Struggling but unapologetically living on her own terms, Inez is moving from shelter to shelter in mid-1990s New York City. With her 6-year-old son Terry in foster care and unable to leave him again, she kidnaps him so they can build their life together. As the years go by, their family grows and Terry becomes a smart yet quiet teenager, but the secret that has defined their lives threatens to destroy the home they have so improbably built.
In her stunning writing and directing debut feature, Sundance alum A.V. Rockwell tells a deeply American story of a mother and son living for each other in a gentrifying city often uninterested in the reality of their lives. With a career-defining performance from Teyana Taylor as a mother fiercely committed to make a future for her child, a Thousand And One is an elegant ode to the terribly beautiful power of family as an anchor in an ever-changing world, making us into who we are in ways we can only haltingly understand.

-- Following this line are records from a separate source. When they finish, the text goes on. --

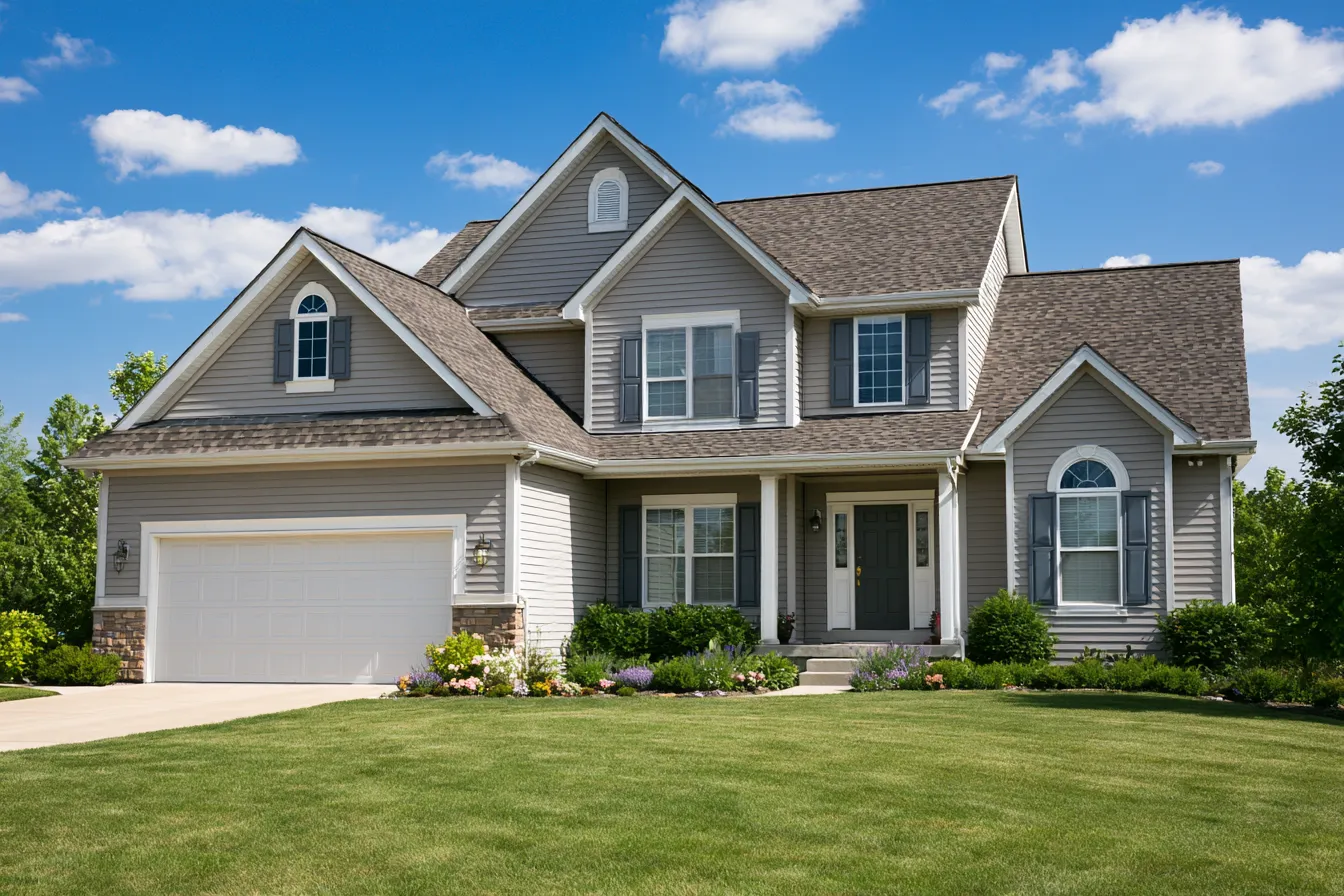 Brown asphalt shingle roof and white garage door on a gray two-story house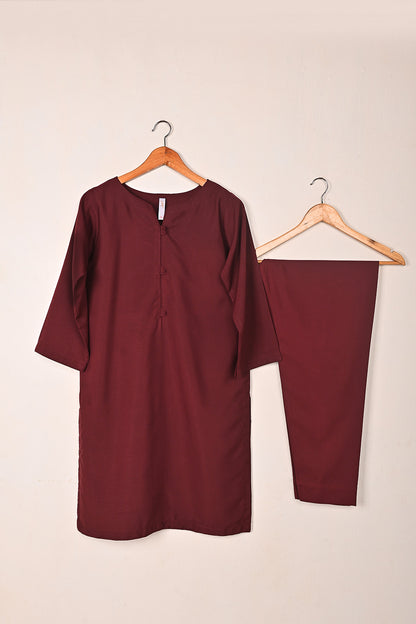 STP-237A-Maroon - 2Pc Ready to Wear Malai Solid Dress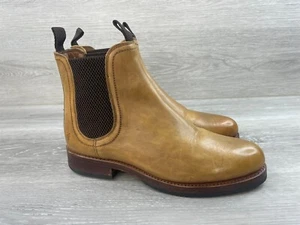 Frye Sawyer Men's Boot Chealse 7 Brown Leather Slip-On Biker Ankle Shoes - Picture 1 of 10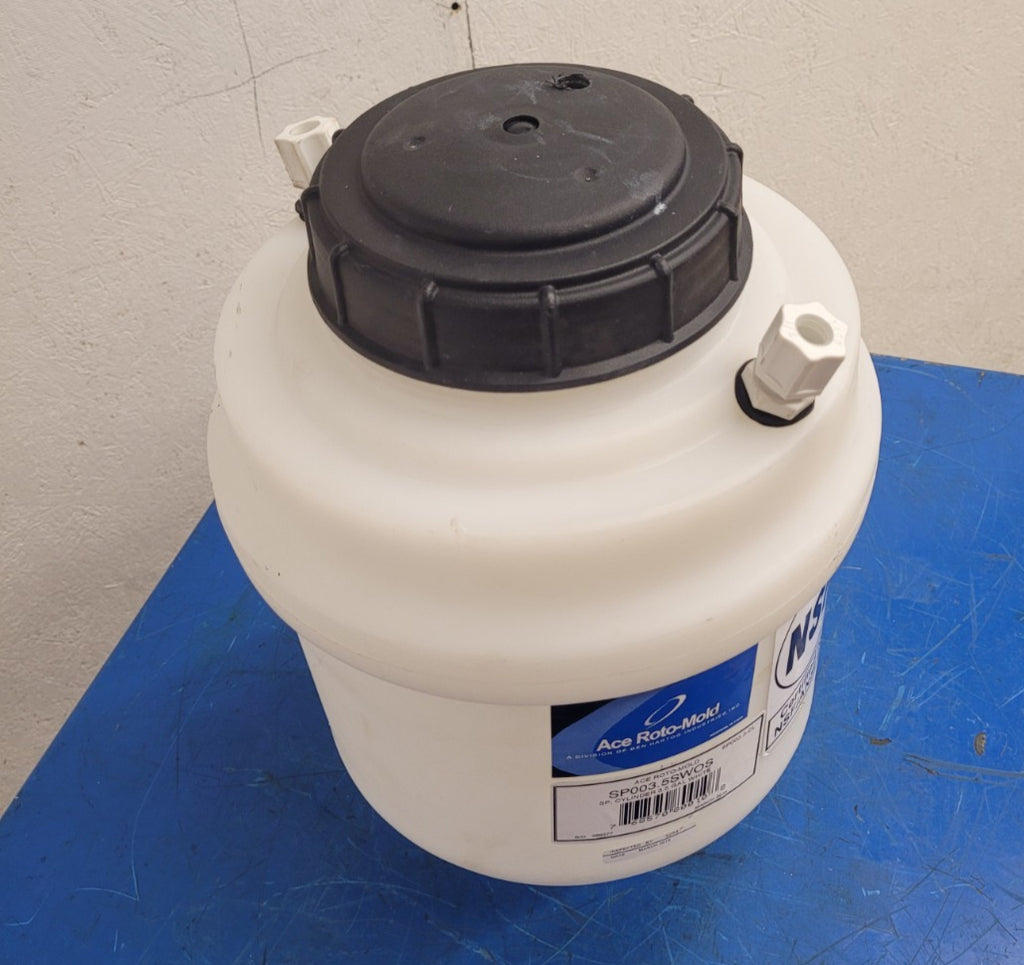 Ace Roto-Mold NSF 3.5 Gallon White Cylinder Conical Bottom Tank SP003.5SWOS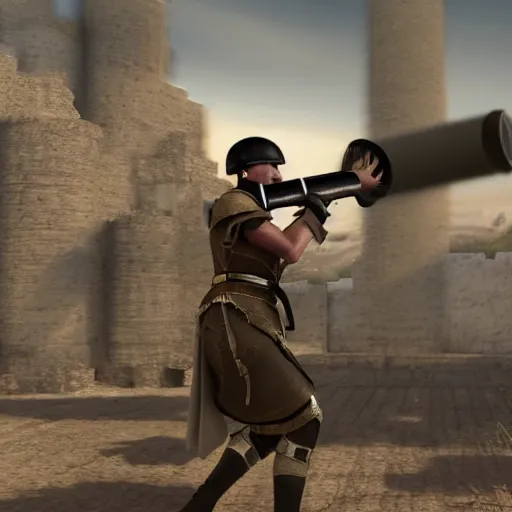 Prompt: a roman soldier shooting a minigun, 4k, photorealistic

Sundance Film Festival 2023: U.S. Grand Jury Prize: Dramatic
> Jury citation: Never have I seen a life so similar to my own rendered with such nuance and tenderness. I walked out of the theater and wept in front of people I barely know because this film reached into my gut and pulled from it every emotion I've learned to mask in these spaces. As a jury we know how impossible it is to make work that is real, full of pain, and fearless in its rigorous commitment to emotional truth born of oppressive circumstances.